*INPUT DATA:*

——————

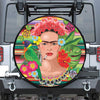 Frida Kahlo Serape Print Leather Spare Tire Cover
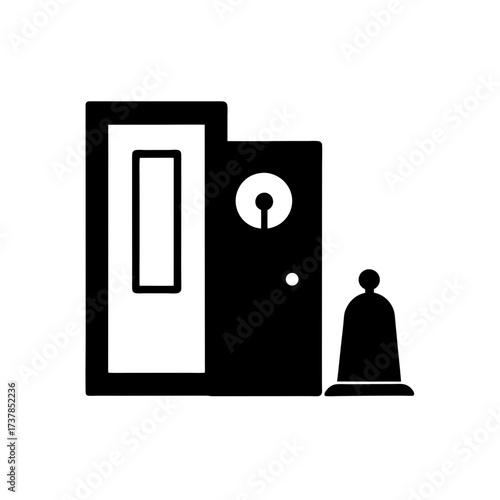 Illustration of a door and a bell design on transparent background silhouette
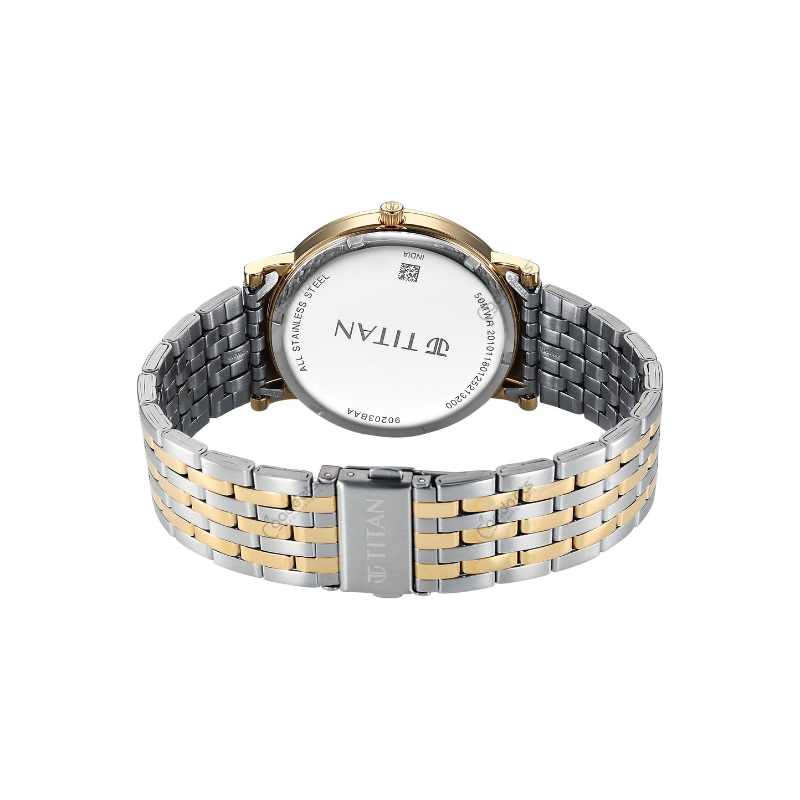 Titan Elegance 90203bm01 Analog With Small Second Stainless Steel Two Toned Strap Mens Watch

——————

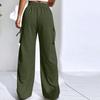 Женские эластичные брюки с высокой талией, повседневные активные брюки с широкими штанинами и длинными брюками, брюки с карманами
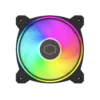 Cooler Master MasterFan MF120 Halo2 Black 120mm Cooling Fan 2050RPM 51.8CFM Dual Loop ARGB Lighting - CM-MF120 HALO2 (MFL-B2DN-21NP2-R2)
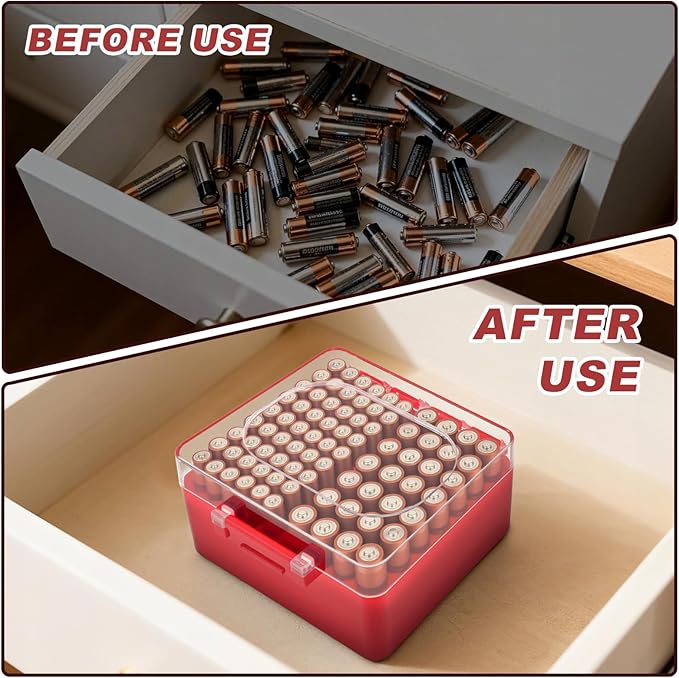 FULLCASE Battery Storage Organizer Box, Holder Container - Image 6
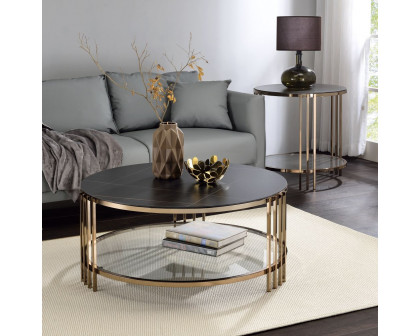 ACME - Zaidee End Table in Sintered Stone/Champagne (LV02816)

——————

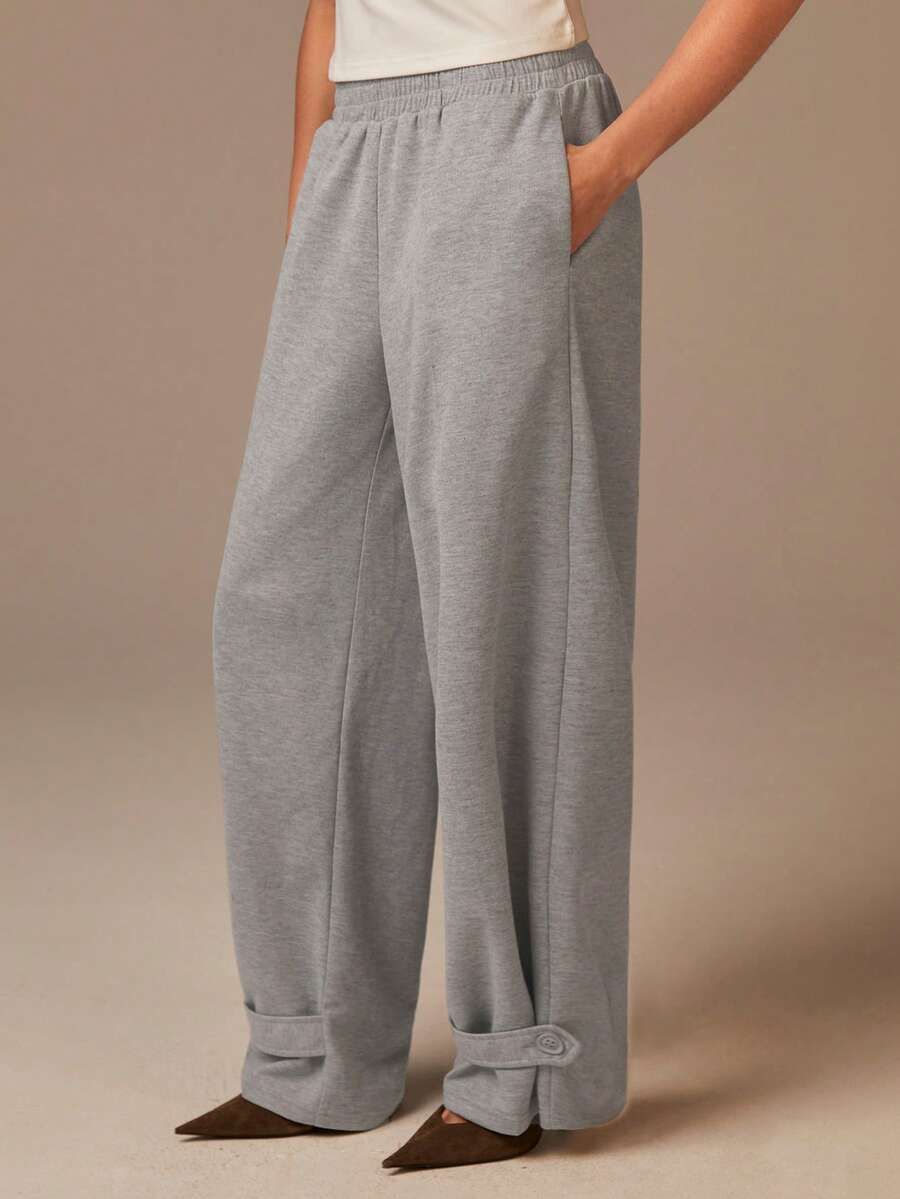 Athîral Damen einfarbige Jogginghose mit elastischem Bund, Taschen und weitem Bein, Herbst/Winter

——————

Please copy the lines above exactly, starting at the line that holds "Женские эластичные брюки" and ending at the line that holds "ACME - Zaidee"; include both, but no pictures.

*RESULT OF THIS TASK:*
 Женские эластичные брюки с высокой талией, повседневные активные брюки с широкими штанинами и длинными брюками, брюки с карманами
 Cooler Master MasterFan MF120 Halo2 Black 120mm Cooling Fan 2050RPM 51.8CFM Dual Loop ARGB Lighting - CM-MF120 HALO2 (MFL-B2DN-21NP2-R2)
 FULLCASE Battery Storage Organizer Box, Holder Container - Image 6
 ACME - Zaidee End Table in Sintered Stone/Champagne (LV02816)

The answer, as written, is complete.